## Unscaling Regression Coefficients

The matrix relationship between the coefficients and the dependent variable can be expressed using the equation below:
$$
\mathbf{Y} = \mathbf{X}\mathbf{w}
$$
For purposes of simplicity, in the subsequent analysis, we use a two-predictor two-record dataset to derive the relationship between the scaled and unscaled coefficients.
This means $X$ can be expressed as:
$$
X = \begin{bmatrix} x_{11} & x_{12}\\
x_{21} & x_{22}
\end{bmatrix}
$$

With the intercept subsumed into the matrix, we can introduce a column of ones into the $X$ matrix to have the below:
$$
X = \begin{bmatrix} 1 & x_{11} & x_{12}\\
1 & x_{21} & x_{22}
\end{bmatrix}
$$
With the unscaled coefficients introduced, we get:
$$
\begin{bmatrix} 
1 & x_{11} & x_{12}\\
1 & x_{21} & x_{22}
\end{bmatrix}\begin{bmatrix} 
w_{0}\\ 
w_{1}\\
w_{2}
\end{bmatrix} = 
\begin{bmatrix} 
y_{1}\\
y_{2}
\end{bmatrix}
$$ 
$w_{0}$ is the intercept, while $w_{1}$ and $w_{2}$ are the coefficients corresponding to the first and second predictors of $X$. This results in the equation below showing the relationship between the unscaled predictors, $w$, the dependent variable, $Y$, and the independent variables, $X$.

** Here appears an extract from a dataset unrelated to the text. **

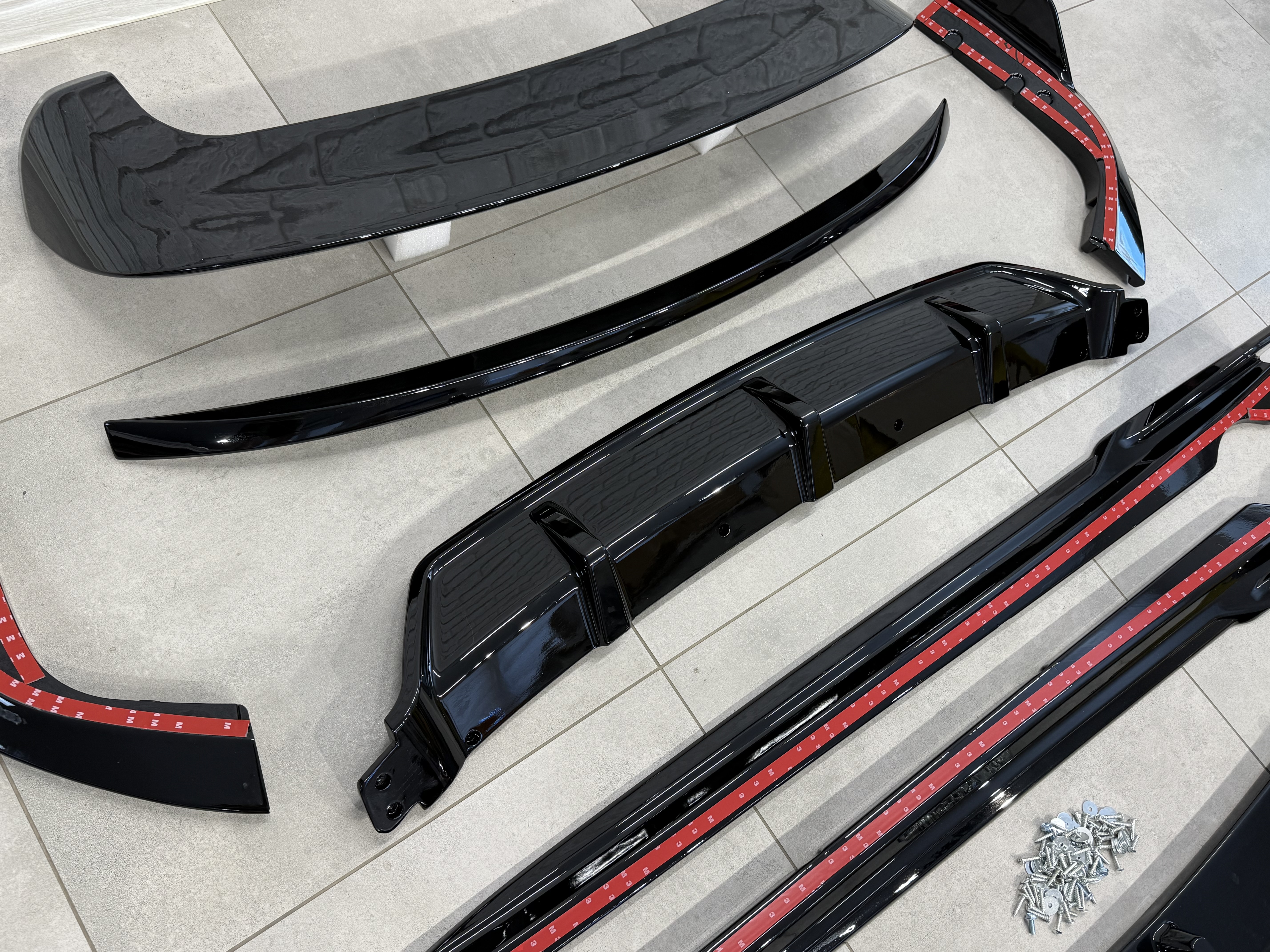 Комплект обвіс Paradigma BMW X5 G05 2018 чорний глянець 6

The equation is provided below:

$$
y_{1} = w_{0} + x_{11}w_{1} + x_{12}w_{2}
$$ 
$$
y_{2} = w_{0} + x_{21}w_{1} + x_{22}w_{2}
$$

To scale the $\mathbf{X}$ matrix, we subtract the column means from each column and divide by the column standard deviation. This way, we are centering and scaling.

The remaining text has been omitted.